Wrong.  And, it was an unfortunate lesson for me to learn as my clients would be absolutely dead to the world after 1-2 sprints on the bike.  After they picked themselves (and their lunch) off the floor, we usually had to end our session early.  Worst of all?  I can't hop in my DeLorean, go back in time, and hit myself in the face for putting my clients through that!

One of the biggest lessons I've learned is that you need to treat aerobic work just like you would in strength training, and progress people properly.  If someone wanted to learn how to deadlift, the last thing I would ever do is load up a barbell with 400 pounds and let them give it a go - yet, I was doing just that on those bike sprints!  

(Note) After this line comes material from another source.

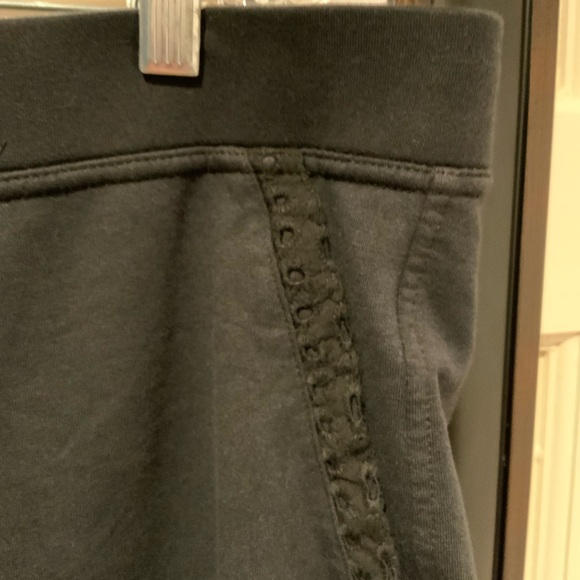 d & co active 2 piece set.  Eye-lit details on top and capri pockets. - Picture 5 of 12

Even if we're as low as 40% of someone's max effort, people will still be able to see some aerobic gainzz.  By slowly building yourself up - rather than going balls to the wall on Day 1 - you'll be better positioned to see improvements, stick with it, and lose weight.  And who knows, you may even learn to love the AirDyne (or at least, not hate it quite so much)

7. Visualize Success.

I'm a big believer in the old adage, "whether you think you can or you can't, you're right."  Call me corny, but hear me out.

Many of us pride ourselves on our hard work in the gym.  But, when it comes to something like a heavy deadlift, or losing weight, we don't put in an equal amount of mental preparation.  By visualizing success, you'll be more apt to stick with your program.  It'll help you stay calm and keep your focus when you realize that what you're doing day in and day out has a greater purpose.